In Friday's decision, the commission gave preliminary approval to a version of the project that would include just one tower and about 1,900 acres of heliostats, and leaves the way open for Palen's owners to build the second half of the project in the future.
(Releasing news on a Friday is a time-honored method used by government agencies to attempt to limit press attention paid to controversial decisions, though just between us, we at ReWire don't recall the last time we heard of news being released at 4:55 p.m.)
Friday's decision, officially called a Presiding Members Proposed Decision, now goes through a 30-day comment period: the commission is expected to make a final decision on the project on October 29. Most observers expect a rubber-stamp, though technically the commission could modify or reject it.
Palen had come under intense scrutiny during the permitting process as evidence mounted that the similar Ivanpah Solar Electric Generating System is injuring birds due to the concentrated solar energy focused by that plant's heliostats.
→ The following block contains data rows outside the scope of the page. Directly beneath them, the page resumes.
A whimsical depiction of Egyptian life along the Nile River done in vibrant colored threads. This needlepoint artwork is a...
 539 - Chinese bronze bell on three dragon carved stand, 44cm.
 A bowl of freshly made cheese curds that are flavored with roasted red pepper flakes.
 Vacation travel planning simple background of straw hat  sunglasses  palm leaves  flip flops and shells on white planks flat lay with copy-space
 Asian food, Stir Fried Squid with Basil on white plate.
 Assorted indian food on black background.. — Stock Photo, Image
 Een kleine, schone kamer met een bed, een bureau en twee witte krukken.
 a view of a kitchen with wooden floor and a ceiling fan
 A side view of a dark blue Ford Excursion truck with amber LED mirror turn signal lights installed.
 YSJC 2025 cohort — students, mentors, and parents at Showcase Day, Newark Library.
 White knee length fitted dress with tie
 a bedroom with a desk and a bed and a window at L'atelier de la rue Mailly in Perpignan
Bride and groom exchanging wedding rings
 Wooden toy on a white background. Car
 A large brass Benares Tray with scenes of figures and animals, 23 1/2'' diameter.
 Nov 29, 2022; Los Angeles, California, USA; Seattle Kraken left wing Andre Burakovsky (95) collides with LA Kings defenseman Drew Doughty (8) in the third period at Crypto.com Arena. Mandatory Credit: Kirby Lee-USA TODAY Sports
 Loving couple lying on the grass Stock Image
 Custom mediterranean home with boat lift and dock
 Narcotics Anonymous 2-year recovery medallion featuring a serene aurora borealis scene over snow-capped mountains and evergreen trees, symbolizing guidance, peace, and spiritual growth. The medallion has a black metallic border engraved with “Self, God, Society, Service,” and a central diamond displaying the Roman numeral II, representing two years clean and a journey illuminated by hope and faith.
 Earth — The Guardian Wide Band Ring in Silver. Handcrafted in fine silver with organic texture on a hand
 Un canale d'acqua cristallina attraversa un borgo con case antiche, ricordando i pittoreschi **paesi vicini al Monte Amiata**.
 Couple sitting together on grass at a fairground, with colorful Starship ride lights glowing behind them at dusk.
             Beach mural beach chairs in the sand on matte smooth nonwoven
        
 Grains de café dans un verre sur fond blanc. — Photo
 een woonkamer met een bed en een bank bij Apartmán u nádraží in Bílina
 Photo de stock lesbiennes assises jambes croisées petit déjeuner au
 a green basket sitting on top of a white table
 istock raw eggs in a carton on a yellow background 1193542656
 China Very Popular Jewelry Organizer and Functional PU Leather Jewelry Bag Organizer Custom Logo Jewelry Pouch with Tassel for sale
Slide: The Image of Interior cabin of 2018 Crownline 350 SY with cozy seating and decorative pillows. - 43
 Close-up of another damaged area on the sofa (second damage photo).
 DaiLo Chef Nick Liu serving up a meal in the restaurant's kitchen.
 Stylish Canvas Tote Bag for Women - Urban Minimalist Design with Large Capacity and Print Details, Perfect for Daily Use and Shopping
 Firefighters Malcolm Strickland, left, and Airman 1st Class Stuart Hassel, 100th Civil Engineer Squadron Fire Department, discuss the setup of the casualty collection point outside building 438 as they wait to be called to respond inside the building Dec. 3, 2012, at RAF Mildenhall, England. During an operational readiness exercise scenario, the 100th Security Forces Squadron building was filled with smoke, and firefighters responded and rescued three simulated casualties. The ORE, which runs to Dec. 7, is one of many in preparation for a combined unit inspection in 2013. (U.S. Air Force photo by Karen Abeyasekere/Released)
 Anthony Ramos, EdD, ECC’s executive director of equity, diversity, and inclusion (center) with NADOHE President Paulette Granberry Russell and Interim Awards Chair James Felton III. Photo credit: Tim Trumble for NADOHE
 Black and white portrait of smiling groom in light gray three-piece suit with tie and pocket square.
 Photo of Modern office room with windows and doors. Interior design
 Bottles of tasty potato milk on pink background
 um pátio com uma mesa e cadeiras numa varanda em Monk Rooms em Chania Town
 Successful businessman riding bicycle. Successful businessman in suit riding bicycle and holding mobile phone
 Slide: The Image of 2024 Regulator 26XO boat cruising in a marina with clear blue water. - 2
The intensely focused light, which turns to heat when it strikes solid objects, has apparently caused serious and disabling burns to feathers, skin, and eyes, causing injuries that usually prove fatal.
Each of Ivanpah's three units is significantly smaller than a single unit at Palen, with towers less than 460 feet tall compared to Palen's 750, meaning that the area of dangerous solar flux around each of Palen's towers would be significantly larger than those around Ivanpah's towers.
In July, CEC staff testified that each of Palen's towers would pose approximately four times the danger to birds as their counterparts at Ivanpah. That would mean that even with a single tower, Palen would pose greater potential danger to birds than all three units of Ivanpah combined.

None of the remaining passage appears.